Хотя большой налет японской авиации 27 июня насторожил Жукова, начало японского наступления 1-3 июля достигло полной тактической внезапности и застало советско-монгольские войска в уязвимом положении. В немалой степени это произошло благодаря смелости оперативного плана Цудзи. Первые признаки крупномасштабного японского наступления советские войска заметили в предрассветные часы 3 июля, когда пошли в атаку танки генерала Ясуоки. Ясуока решил, что советские войска к югу от его позиции пытаются отступить через Халху на относительно безопасный западный берег. Опасаясь, что добыча может ускользнуть из ловушки, Ясуока приказал танкам атаковать немедленно. Его пехота еще не успела подойти, и танки пошли в ночную атаку без поддержки пехоты - случай неслыханный для японской тактики применения танков.

Условия были идеальными для внезапной ночной атаки: низкие тучи, нет луны, видимость 10-20 ярдов. Когда японские танки приблизились к советским позициям, небо осветила молния от приближающейся грозы. 70 танков Ясуоки, стреляя из пушек и пулеметов, обрушились на испуганных солдат советского 149-го пехотного полка. Это было грозное зрелище, перед которым ошеломленные защитники бежали в беспорядке. Наступление началось.

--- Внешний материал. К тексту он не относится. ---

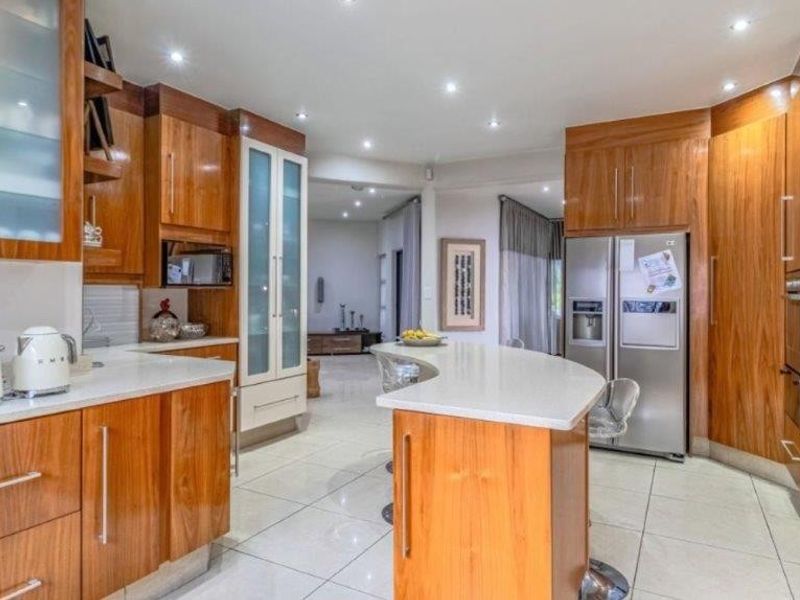 A well-maintained kitchen featuring warm-toned wooden cabinetry, stone countertops, a central island, and modern recessed lighting, flowing into an open-plan living area.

Когда Жуков узнал о танковой атаке Ясуоки, ему еще не было известно, что главные силы 23-й дивизии Комацубары переправляются через Халху. Не вполне разобравшись в ситуации и не зная о силах и намерениях отряда Ясуоки, Жуков приказал 11-й танковой бригаде, 7-й мотоброневой бригаде, 24-му мотострелковому полку и 6-й монгольской кавалерийской дивизии продвигаться на северо-восток и сосредоточиться у высоты, называемой Баин-Цаган и находившейся на западном берегу Халхи, напротив высот Фуи, откуда началась атака Ясуоки. К тому времени высота Баин-Цаган уже была занята войсками Комацубары. На рассвете 3 июля передовые пехотные части Комацубары начали наступать на юг от Баин-Цагана и наткнулись на авангард 11-й танковой бригады, продвигавшейся к Баин-Цагану. Для обеих сторон этот встречный бой стал неожиданным. Советская бронетехника немедленно атаковала, но танки и бронеавтомобили применялись тактически неэффективно, вступая в бой прямо с марша без поддержки пехоты и понесли большие потери. Японские 37-мм противотанковые пушки, стрелявшие бронебойными снарядами, оказались в этой ситуации особенно эффективными.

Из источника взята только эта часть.